Activity: Reproduce every entry that follows word for word, but omit the images.

.....

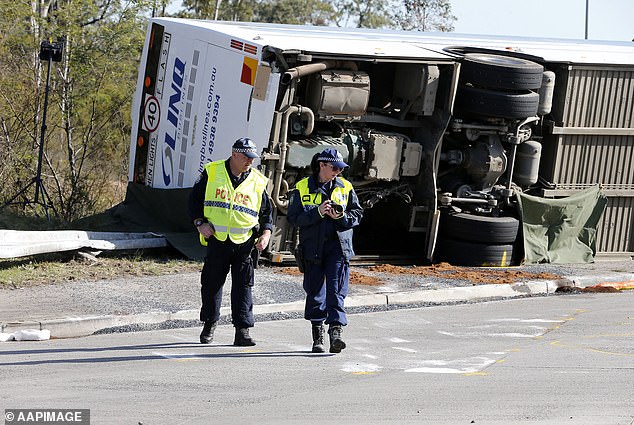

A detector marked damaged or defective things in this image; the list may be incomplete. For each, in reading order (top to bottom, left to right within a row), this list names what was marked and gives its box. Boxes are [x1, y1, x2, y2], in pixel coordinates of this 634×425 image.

overturned bus [128, 19, 632, 264]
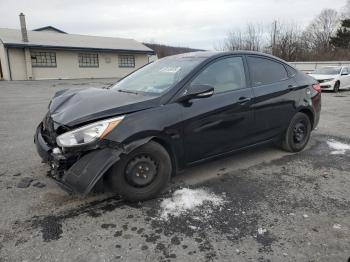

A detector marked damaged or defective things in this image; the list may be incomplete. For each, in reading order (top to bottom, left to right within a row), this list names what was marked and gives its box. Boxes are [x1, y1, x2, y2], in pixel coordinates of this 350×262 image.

damaged front bumper [34, 124, 153, 195]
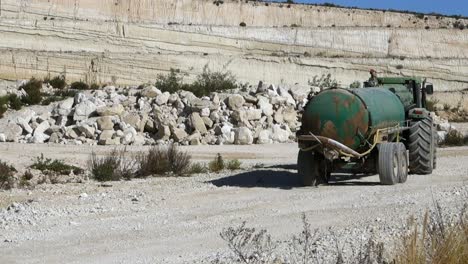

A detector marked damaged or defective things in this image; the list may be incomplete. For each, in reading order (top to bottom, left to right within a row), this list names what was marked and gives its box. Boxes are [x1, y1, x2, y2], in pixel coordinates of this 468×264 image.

rusty tank surface [298, 76, 436, 187]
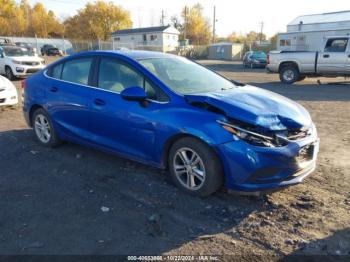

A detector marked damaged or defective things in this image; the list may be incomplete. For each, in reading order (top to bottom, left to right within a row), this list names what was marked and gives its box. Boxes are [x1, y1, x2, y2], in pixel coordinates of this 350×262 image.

crumpled hood [186, 85, 312, 130]
broken headlight assembly [217, 119, 288, 147]
damaged front bumper [215, 128, 318, 191]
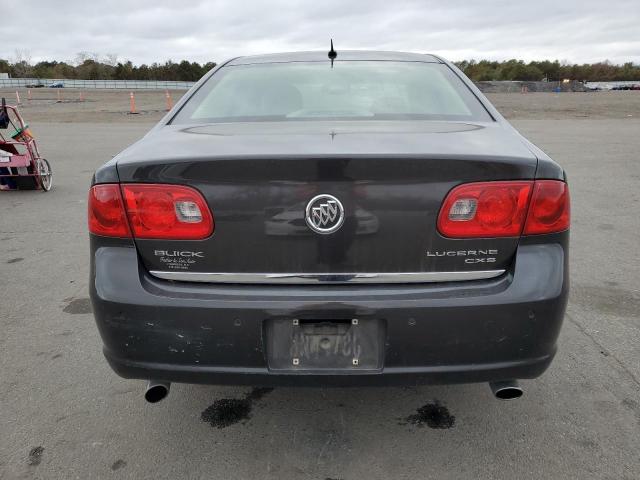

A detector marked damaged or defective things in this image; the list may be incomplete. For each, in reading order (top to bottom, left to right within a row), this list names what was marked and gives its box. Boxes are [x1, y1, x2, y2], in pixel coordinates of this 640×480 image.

minor body damage [87, 49, 568, 402]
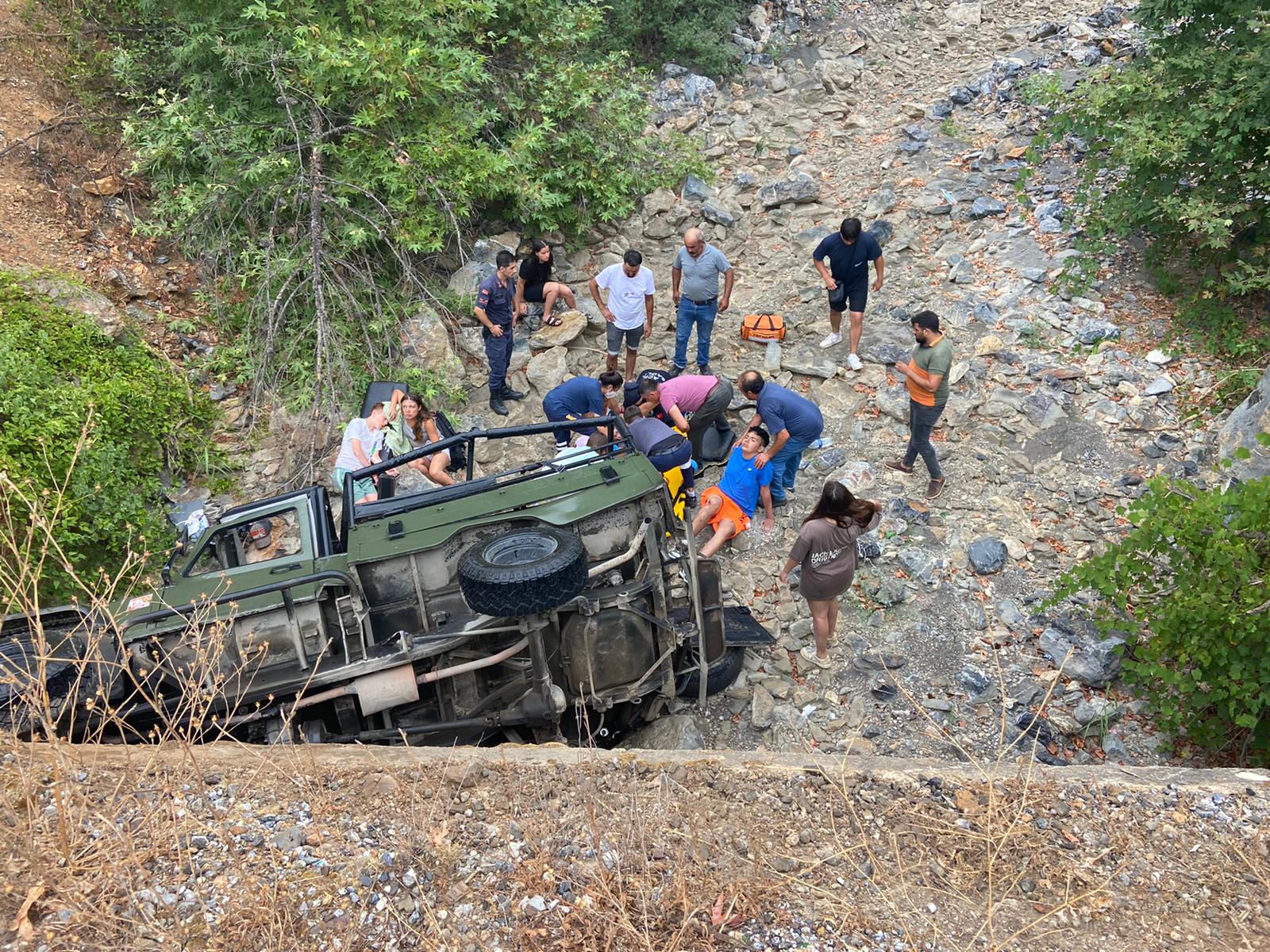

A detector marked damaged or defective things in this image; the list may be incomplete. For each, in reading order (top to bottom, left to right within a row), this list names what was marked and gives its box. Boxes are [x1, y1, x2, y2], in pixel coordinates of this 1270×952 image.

.....

Task solution:
A detector marked damaged or defective things in this image; the list may be incomplete. For each, in reading order (top to bottom, left to right within a row), this list names what was marked and gives its box. Boxes are [x1, y1, x2, y2], in pixel coordinates of this 634×425 image.

overturned bus [128, 19, 632, 264]

A detector marked damaged or defective things in this image; the list may be incomplete. For each, in reading order (top to bottom, left to right within a row), this list names what was marked and gives its box. Boxes are [x1, y1, x2, y2], in pixel coordinates of this 350×262 image.

damaged front bumper [34, 124, 153, 195]

A detector marked damaged or defective things in this image; the list may be incomplete. For each, in reading order (top to bottom, left to right within a row), this list names what was marked and gives its box. Boxes are [x1, y1, x2, y2], in pixel coordinates of this 468×264 image.

rusty tank surface [298, 76, 436, 187]

A detector marked damaged or defective things in this image; the list may be incomplete. For each, in reading order (top to bottom, left to right within a row), this list names what was marked and gives its box. Boxes are [x1, y1, x2, y2], in pixel coordinates of this 350×262 image.

crumpled hood [186, 85, 312, 130]
broken headlight assembly [217, 119, 288, 147]
damaged front bumper [215, 128, 318, 191]

A detector marked damaged or defective things in this image; the list may be incomplete. For each, in reading order (top to bottom, left to right within a row), this list names what was marked and gives its box. Boxes are [x1, y1, x2, y2], in pixel coordinates of this 640×480 image.

minor body damage [87, 49, 568, 402]

A detector marked damaged or defective things in this image; the list may be incomplete. For each, in reading order (top to bottom, left to right within a row), this list names what was marked and gives its box. Boxes are [x1, y1, x2, y2], in pixel coordinates of this 1270×952 image.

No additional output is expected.